▸ About this exercise: Look below for the lines from the one with "75 Jahre und" to the one with "Collana con pendente", and copy exactly those lines, both ends included.

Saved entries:
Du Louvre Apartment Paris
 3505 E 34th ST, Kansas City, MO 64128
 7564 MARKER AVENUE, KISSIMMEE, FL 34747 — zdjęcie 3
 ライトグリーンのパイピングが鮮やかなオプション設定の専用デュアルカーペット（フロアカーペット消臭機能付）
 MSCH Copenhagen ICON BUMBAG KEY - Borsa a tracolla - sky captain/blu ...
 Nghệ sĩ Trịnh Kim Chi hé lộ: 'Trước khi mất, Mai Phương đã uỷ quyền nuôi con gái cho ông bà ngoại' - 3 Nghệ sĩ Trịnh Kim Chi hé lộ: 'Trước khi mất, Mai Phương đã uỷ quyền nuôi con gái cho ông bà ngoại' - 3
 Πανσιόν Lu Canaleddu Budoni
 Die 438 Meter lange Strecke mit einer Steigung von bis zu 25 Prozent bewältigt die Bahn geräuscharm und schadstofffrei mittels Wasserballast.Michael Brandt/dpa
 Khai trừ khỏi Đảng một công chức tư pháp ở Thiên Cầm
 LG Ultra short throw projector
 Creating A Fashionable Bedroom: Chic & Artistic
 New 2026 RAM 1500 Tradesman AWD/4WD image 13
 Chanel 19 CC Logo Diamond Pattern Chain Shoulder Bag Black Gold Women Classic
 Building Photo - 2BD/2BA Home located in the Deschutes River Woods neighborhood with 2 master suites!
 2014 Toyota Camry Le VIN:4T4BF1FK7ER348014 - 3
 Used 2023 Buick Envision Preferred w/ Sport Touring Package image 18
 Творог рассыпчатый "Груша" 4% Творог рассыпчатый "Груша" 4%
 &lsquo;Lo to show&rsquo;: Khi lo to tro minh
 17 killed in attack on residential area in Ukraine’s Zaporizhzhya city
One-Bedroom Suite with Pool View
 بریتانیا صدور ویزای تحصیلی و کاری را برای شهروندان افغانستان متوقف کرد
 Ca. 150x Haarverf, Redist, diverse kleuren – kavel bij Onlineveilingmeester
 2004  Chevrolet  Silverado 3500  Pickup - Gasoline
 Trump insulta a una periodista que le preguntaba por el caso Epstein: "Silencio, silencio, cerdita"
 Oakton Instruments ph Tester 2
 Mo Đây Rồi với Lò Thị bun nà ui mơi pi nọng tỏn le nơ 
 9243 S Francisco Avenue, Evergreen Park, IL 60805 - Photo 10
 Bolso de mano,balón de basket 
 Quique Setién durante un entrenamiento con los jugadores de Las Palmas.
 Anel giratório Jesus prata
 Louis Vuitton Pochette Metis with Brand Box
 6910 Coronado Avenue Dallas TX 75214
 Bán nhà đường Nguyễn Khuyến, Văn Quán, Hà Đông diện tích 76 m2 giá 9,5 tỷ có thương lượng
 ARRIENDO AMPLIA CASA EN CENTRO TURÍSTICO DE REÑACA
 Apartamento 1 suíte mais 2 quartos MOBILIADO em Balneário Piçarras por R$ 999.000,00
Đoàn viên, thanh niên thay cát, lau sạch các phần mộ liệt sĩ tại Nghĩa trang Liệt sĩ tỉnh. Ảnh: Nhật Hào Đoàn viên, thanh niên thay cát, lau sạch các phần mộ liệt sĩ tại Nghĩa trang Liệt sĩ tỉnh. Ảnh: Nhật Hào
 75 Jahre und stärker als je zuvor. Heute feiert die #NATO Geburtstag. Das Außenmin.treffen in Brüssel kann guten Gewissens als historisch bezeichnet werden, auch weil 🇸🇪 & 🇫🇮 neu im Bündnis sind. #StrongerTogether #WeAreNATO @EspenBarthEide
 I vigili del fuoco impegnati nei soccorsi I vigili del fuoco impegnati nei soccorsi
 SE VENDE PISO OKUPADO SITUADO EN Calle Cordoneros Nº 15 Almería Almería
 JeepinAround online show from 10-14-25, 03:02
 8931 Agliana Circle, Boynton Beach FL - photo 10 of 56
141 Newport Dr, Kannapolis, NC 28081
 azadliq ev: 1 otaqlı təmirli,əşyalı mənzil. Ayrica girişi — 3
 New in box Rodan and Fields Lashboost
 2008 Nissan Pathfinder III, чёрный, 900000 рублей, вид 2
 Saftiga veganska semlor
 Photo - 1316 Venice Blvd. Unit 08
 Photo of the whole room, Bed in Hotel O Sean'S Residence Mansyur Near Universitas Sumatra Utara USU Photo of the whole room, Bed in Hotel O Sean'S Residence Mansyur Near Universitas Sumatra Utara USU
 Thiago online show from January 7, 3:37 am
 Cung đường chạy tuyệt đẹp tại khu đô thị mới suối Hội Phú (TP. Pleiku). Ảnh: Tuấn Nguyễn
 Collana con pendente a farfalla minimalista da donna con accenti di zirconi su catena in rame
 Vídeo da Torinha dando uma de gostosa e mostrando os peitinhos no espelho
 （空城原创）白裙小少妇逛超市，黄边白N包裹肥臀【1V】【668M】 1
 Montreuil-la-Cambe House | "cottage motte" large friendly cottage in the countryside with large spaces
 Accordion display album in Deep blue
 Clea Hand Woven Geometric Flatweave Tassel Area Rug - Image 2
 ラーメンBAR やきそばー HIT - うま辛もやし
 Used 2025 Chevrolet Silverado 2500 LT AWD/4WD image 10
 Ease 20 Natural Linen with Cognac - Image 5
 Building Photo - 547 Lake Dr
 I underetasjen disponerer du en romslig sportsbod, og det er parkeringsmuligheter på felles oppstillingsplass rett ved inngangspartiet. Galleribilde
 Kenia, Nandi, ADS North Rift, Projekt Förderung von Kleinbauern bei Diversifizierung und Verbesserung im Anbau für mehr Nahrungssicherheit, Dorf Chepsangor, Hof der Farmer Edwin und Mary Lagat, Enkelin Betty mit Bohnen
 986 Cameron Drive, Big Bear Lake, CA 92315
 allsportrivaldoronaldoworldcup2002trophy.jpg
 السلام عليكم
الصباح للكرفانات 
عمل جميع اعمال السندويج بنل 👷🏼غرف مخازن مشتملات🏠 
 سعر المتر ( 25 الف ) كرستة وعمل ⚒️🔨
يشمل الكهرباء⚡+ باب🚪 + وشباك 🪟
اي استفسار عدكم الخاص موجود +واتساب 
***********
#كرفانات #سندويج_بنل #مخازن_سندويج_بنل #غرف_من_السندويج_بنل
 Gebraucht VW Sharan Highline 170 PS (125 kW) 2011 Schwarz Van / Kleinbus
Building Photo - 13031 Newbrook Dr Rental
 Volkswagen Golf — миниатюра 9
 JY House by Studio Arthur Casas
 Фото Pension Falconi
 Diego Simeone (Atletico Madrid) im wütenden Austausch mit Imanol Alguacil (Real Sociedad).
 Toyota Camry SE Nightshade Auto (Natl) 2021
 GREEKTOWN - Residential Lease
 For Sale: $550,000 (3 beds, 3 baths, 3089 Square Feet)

▸ Task result:
 75 Jahre und stärker als je zuvor. Heute feiert die #NATO Geburtstag. Das Außenmin.treffen in Brüssel kann guten Gewissens als historisch bezeichnet werden, auch weil 🇸🇪 & 🇫🇮 neu im Bündnis sind. #StrongerTogether #WeAreNATO @EspenBarthEide
 I vigili del fuoco impegnati nei soccorsi I vigili del fuoco impegnati nei soccorsi
 SE VENDE PISO OKUPADO SITUADO EN Calle Cordoneros Nº 15 Almería Almería
 JeepinAround online show from 10-14-25, 03:02
 8931 Agliana Circle, Boynton Beach FL - photo 10 of 56
141 Newport Dr, Kannapolis, NC 28081
 azadliq ev: 1 otaqlı təmirli,əşyalı mənzil. Ayrica girişi — 3
 New in box Rodan and Fields Lashboost
 2008 Nissan Pathfinder III, чёрный, 900000 рублей, вид 2
 Saftiga veganska semlor
 Photo - 1316 Venice Blvd. Unit 08
 Photo of the whole room, Bed in Hotel O Sean'S Residence Mansyur Near Universitas Sumatra Utara USU Photo of the whole room, Bed in Hotel O Sean'S Residence Mansyur Near Universitas Sumatra Utara USU
 Thiago online show from January 7, 3:37 am
 Cung đường chạy tuyệt đẹp tại khu đô thị mới suối Hội Phú (TP. Pleiku). Ảnh: Tuấn Nguyễn
 Collana con pendente a farfalla minimalista da donna con accenti di zirconi su catena in rame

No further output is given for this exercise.